Visiting Shady Brook Farm’s annual holiday light show, when two miles of rural Pennsylvania are adorned with more than three million lights, is one of Tyler Cordeiro’s favorite holiday traditions.
Another is the annual holiday party Barb Williamson puts on at the Newton Athletic Club. Williamson is the president of Way of Life Recovery and has eight recovery homes in the Philadelphia area and Bristol.
Cordeiro has lived in one of Williamson’s homes in Levittown for five months. He said the holiday season can be stressful for him and other people in recovery, but it’s ultimately a time to reflect.
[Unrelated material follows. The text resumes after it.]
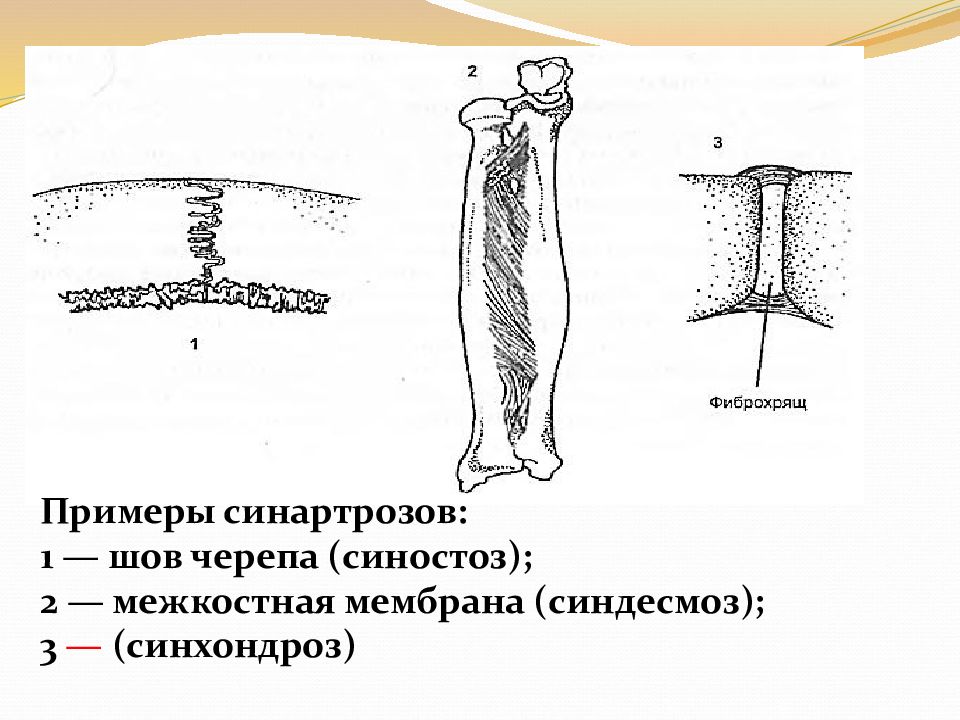 Шов кости. Синдесмозы позвоночного столба. Синхондрозы примеры. Непрерывное соединение костей синхондроз синдесмоз синостоз. Синдесмозы синхондрозы и синостозы черепа.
Impact of holiday stress and winter months
The holidays and winter months can have be stressful for anyone, but possibly have a greater impact on people in recovery, said Robert Ashford, a recovery scientist at the Substance Use Disorders Institute at the University of Sciences and researcher at the Treatment Research Center at the University of Pennsylvania.
Some have said that overdoses spike during the holidays, but Ashford said it’s hard to prove that statement with data because the city provides quarterly summaries, not monthly. Overdoses have also been significantly increasing over the years, so it would be difficult to pinpoint spikes in certain seasons. For example,1,217 people died of an unintentional drug overdose in Philadelphia in 2017, which is a 34 percent increase from 2016 and a 291 percent increase from 2003.
Data from other countries, such as Canada, does show a spike around the holiday season — though it could be caused by other unrelated factors, Ashford said. Cold weather, for example, may lead people to use drugs in isolated places indoors like bathroom stalls, where it’s less likely someone with naloxone — a medication that reverses opioid overdoses — will be able to help them if they overdose on opioids.
It’s also more likely for people to enter treatment during the winter because of the cold weather, and the likelihood of overdose increases once people leave a facility, Ashford said.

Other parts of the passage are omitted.